Lyman works up and tests the loads in their manual right in the headquarters building, and they test the loads in their on-site range. Pressure data is from their own testing, for which they use a pressure barrel. Lyman’s pressure data aren’t guesses or calculations, they are actual tested results. The current edition is the 50th, and Liz told me they are now compiling new data for the next edition.

In addition to the big Reloading Handbook, Lyman also offers a number of other reloading-oriented publications, ranging from the Cast Bullet Handbook to an AR Reloading Handbook to the Pistol and Revolver Handbook to a Black Powder Handbook and Loading Manual. They also offer, for those who don’t care to invest in one of the full-size reloading manuals, a series of load data books, each dedicated to specific calibers. These are intended for people who generally only load one caliber and who don’t need all the data in the big Reloading handbook. For 1911 shooters, one of these data books represents one-stop shopping. They have a data book that includes .380 ACP, 9mm, .40 S&W, and .45 ACP. (Unfortunately, this book doesn’t seem to include .38 Super. Liz, take note!)
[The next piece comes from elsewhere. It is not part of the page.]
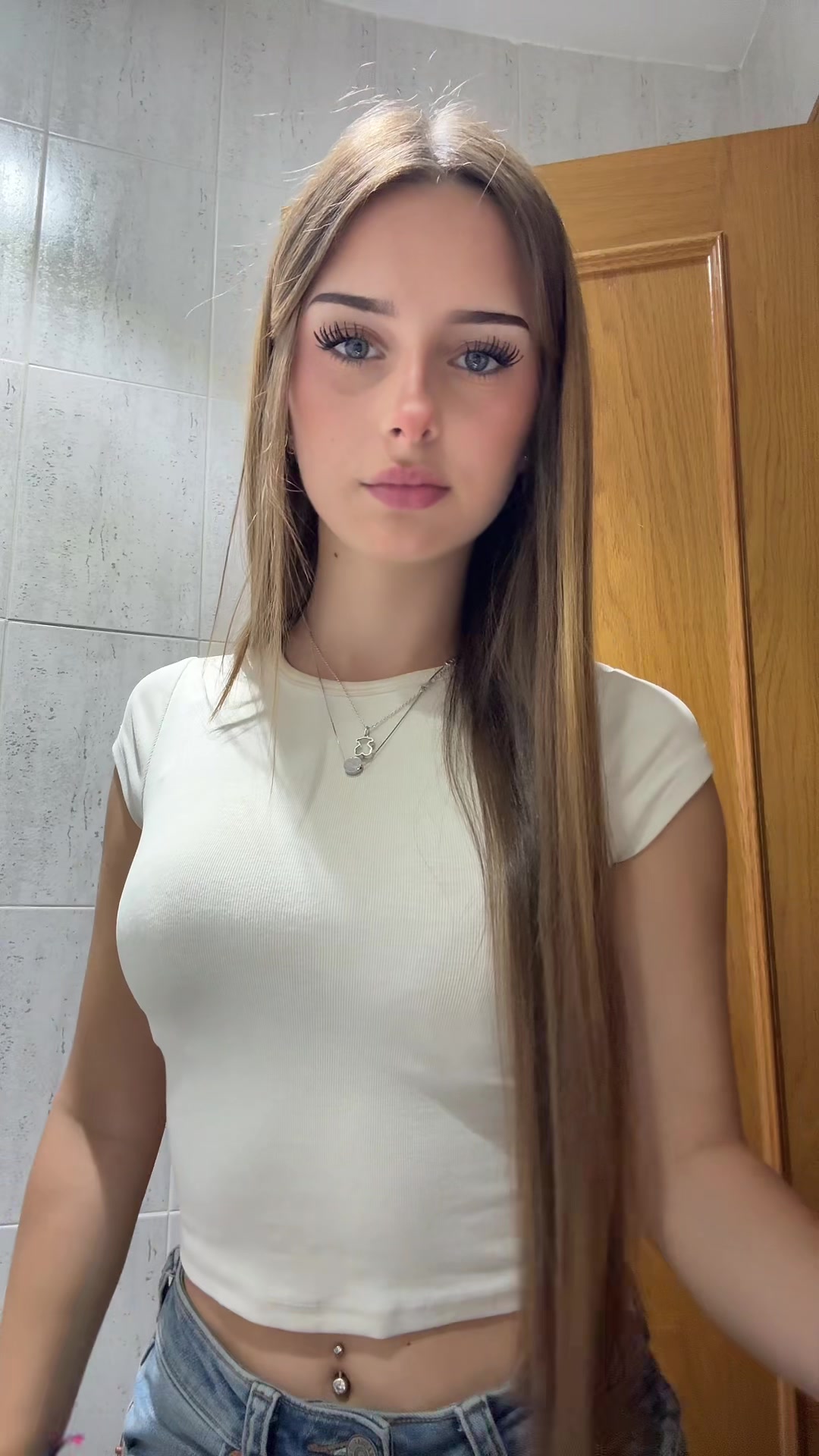 @𝓪𝓷𝓰𝓮𝓵𝓪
Lyman doesn’t sell bullets, but they do make everything reloaders need to cast their own bullets. They have a huge variety of bullet molds, along with furnaces and accessories for melting and handling the lead. I don't cast my own bullets, but I know a number of people who do cast, and they all own several Lyman bullet molds. Whatever caliber, weight, and bullet shape you're looking for, Lyman probably has a mold for it.

They also make case cleaning equipment. Their lineup includes vibratory tumblers, ultrasonic cleaners, and last year they introduced a new rotary tumbler, which works with stainless steel pin media. Yes, Lyman also sells the stainless steel pins. Whatever your preference, Lyman seems to have a product to fill the need.

I learned that Lyman offers a wide variety of powder measures and scales, including a mechanical powder measure for smokeless propellants and another for black powder. They offer two different beam balance scales, and six different digital powder scales, ranging from a pocket model with an MSRP of $29.95 up to the GEN5™ Digital Powder System (MSRP $379.95).

It almost goes without saying (so I’ll say it anyway) that Lyman offers reloading dies. I have some Lyman dies the box for which says they were made in Middlefield, Connecticut—making those dies at least 23 years old. They’re still going strong today. Lyman also offers case trimmers and reloading presses, including the single stage Crusher II and the Crusher T Mag II turret press.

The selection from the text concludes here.